NewJellyfishLakePath3

Once you arrive,  jump in the water wearing a mask and snorkel.  Fins are optional.  The water is very warm but not particularly clear.  At first maybe you’ll see one or two jellies but there’s not much action over by the dock or the sides of the lake because that’s where the anemones live and the anemones are the only predators in Jellyfish Lake.  Keep swimming.

Digital Camera

As you swim to the middle of the sunny lake you will start to see more and more jellyfish.

Digital Camera

 

 

The millions—some say over five million—golden jellyfish migrate across the lake everyday following the sun’s arc across the sky.  They propel themselves by pumping water through their bells and are in constant motion.

Digital Camera

 

 

 

The sunlight nourishes the zooxanthellae, an algae-like substance, which lives symbiotically in the jellyfish tissue and supplies an energy source as a by-product of their photosynthesis.  Keep swimming; there’s more.

 

By the time you reach the center of the lake and your body will be completely surrounded by this firm and slippery creatures.   It’s hard to reconcile the fact that these weird and beautiful animals are not going to hurt you but their sting is painless.  Occasionally, if one brushes across your lips, you might feel a slight tingle but there the sensation goes away in seconds.

Digital Camera

You float in the warm salt water, weightless, the only sound is your breath timed perfectly to the pulsing movement of the jellies.  This most basic form of life surrounds you, expanding, contracting, swimming, existing.  Lose yourself.  Tape into the source.  This is where it all began; you can feel it.  You mind drifts, ice caps melt, tectonic shifts occur, volcanoes erupt, and you’re just about to recognize that one truth which will unlock all of your doors.  You can feel it.

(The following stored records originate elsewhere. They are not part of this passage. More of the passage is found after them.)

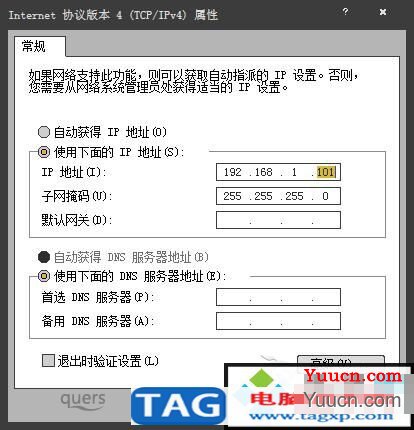 ip伪装|win10怎么伪装电脑IP？局域网地址伪装的方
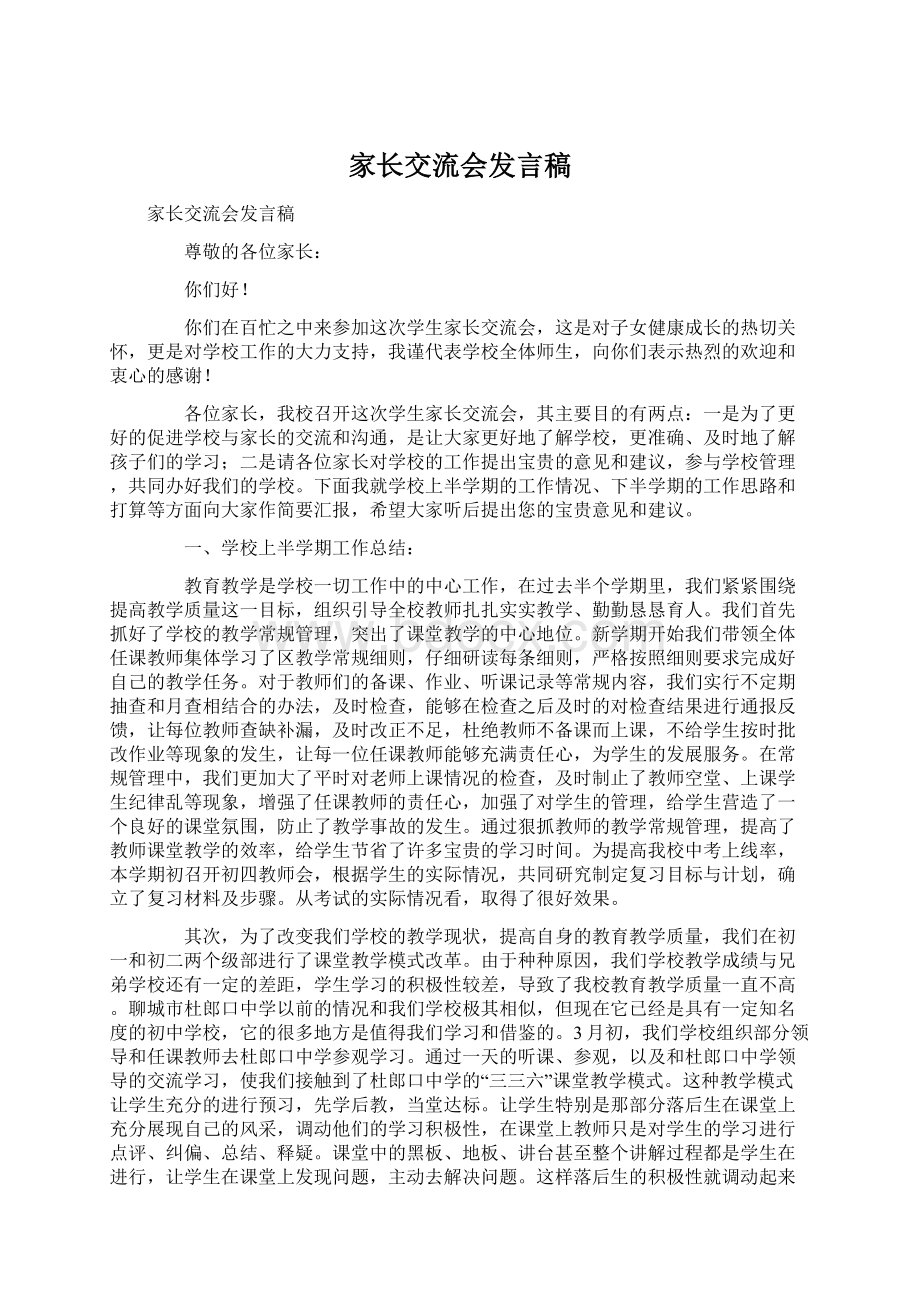 家长交流会发言稿Word文档下载推荐.docx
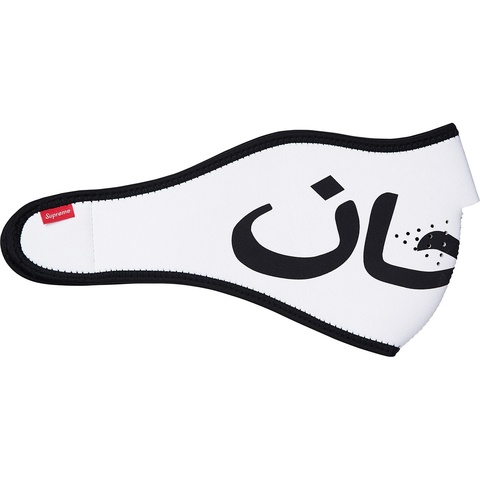 Supreme Arabic Logo Neoprene Facemask - Colorway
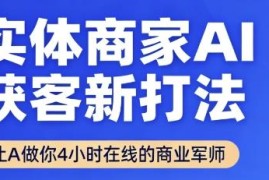 2025年9月实体商家AI获客新打法 实操方法及配套工具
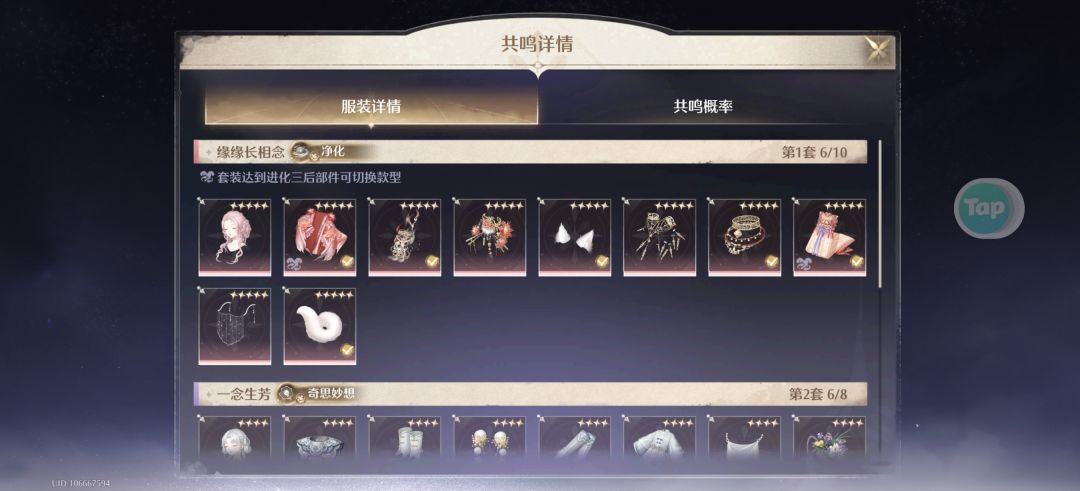 人生的大落落落落落 2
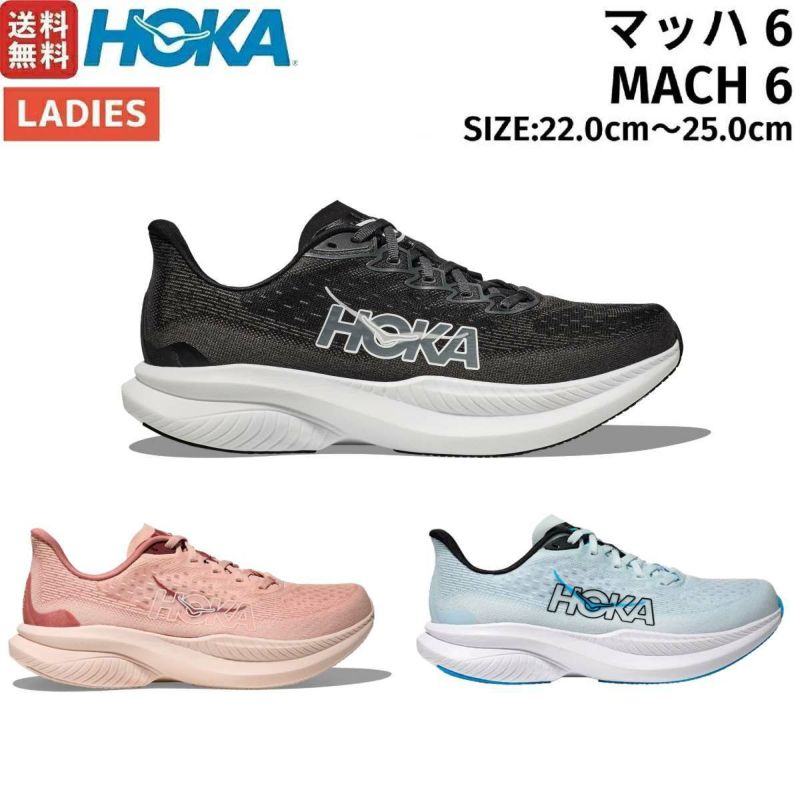 ホカオネオネ HOKAONEONE MACH 6 マッハ 6 レディース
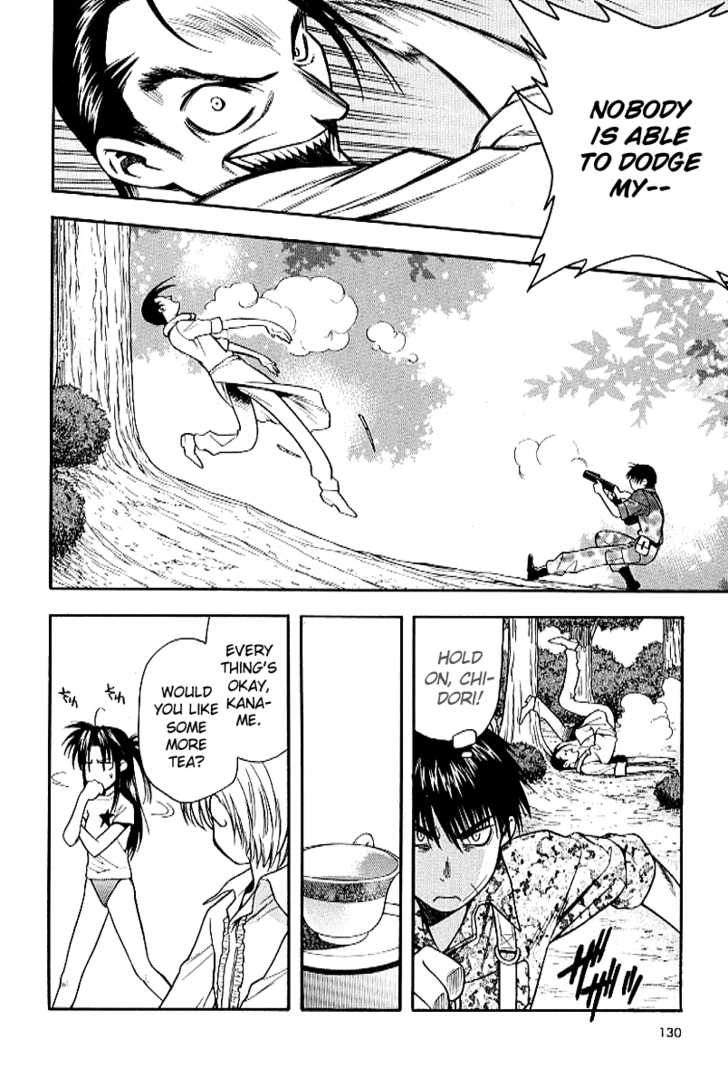 Full Metal Panic! Chapter 19 page 22 - Chapter 19 : Vacance Romance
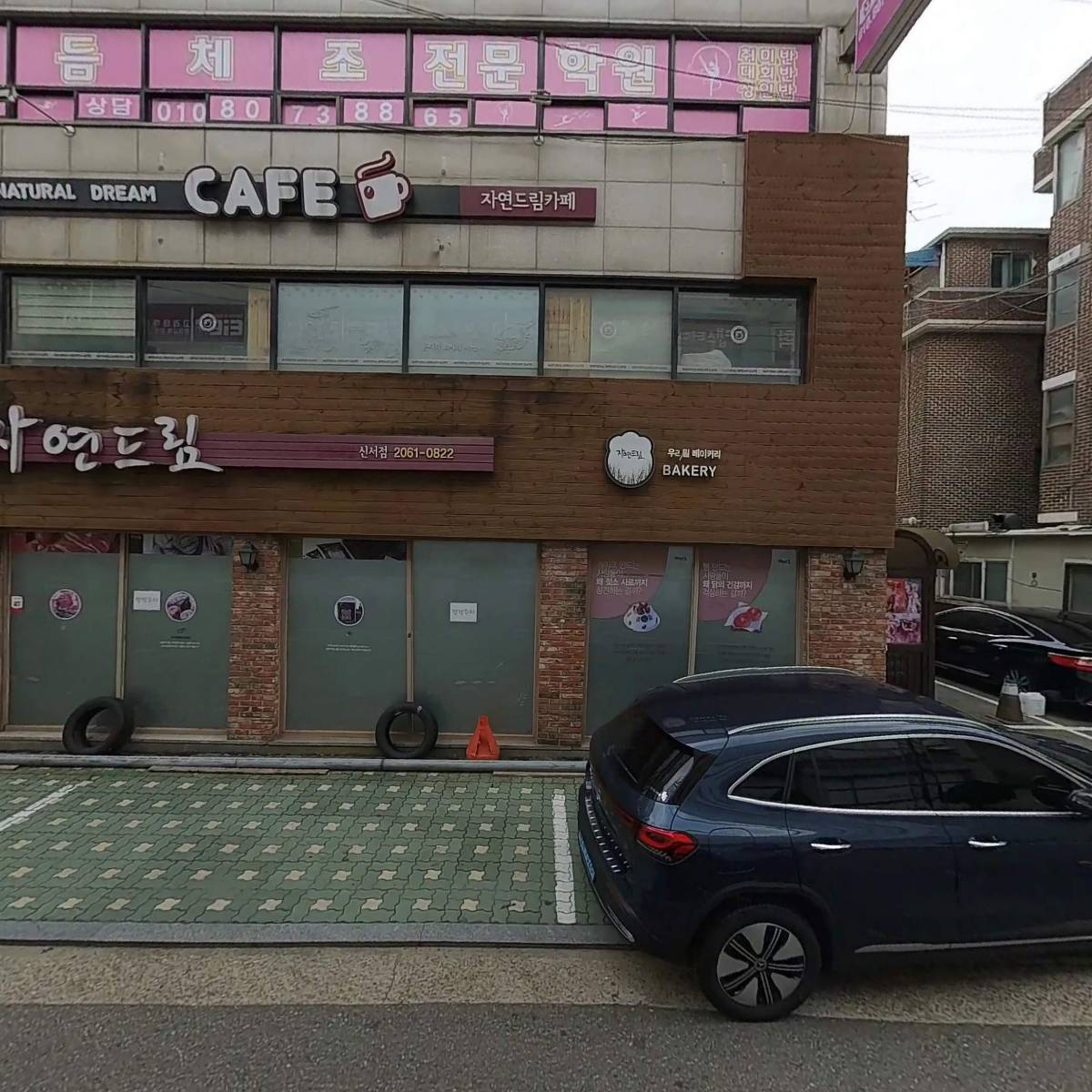 어썸팩토리목동3플레이스독서실_3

Katie Arnoldi Jellyfish Lake

Katie Arnoldi Jellyfish Lake

But then suddenly a drill-sergeant’s whistle rips through your consciousness.  You hear shrieks and laughter,  the kicking and splashing of another boatload of visitors jumping in the water.  You look up and see a floating army thrashing out towards the sunny epicenter of the lake.  Perhaps they’re all wearing matching hats with the tour company logo.  They are headed your way, loyally following their guide.  They want to join you in the primordial soup, be a part of the experience.   This is the time for you to swim back to the dock and make the quick transition from water to land.  Get back up on those two legs people and hurry down the hill before another boat arrives.  Jellyfish Lake is unlike any place on earth but timing is everything.  You gotta know when to get in and when to get out.  But go there.  I’m telling you.  It’s worth it.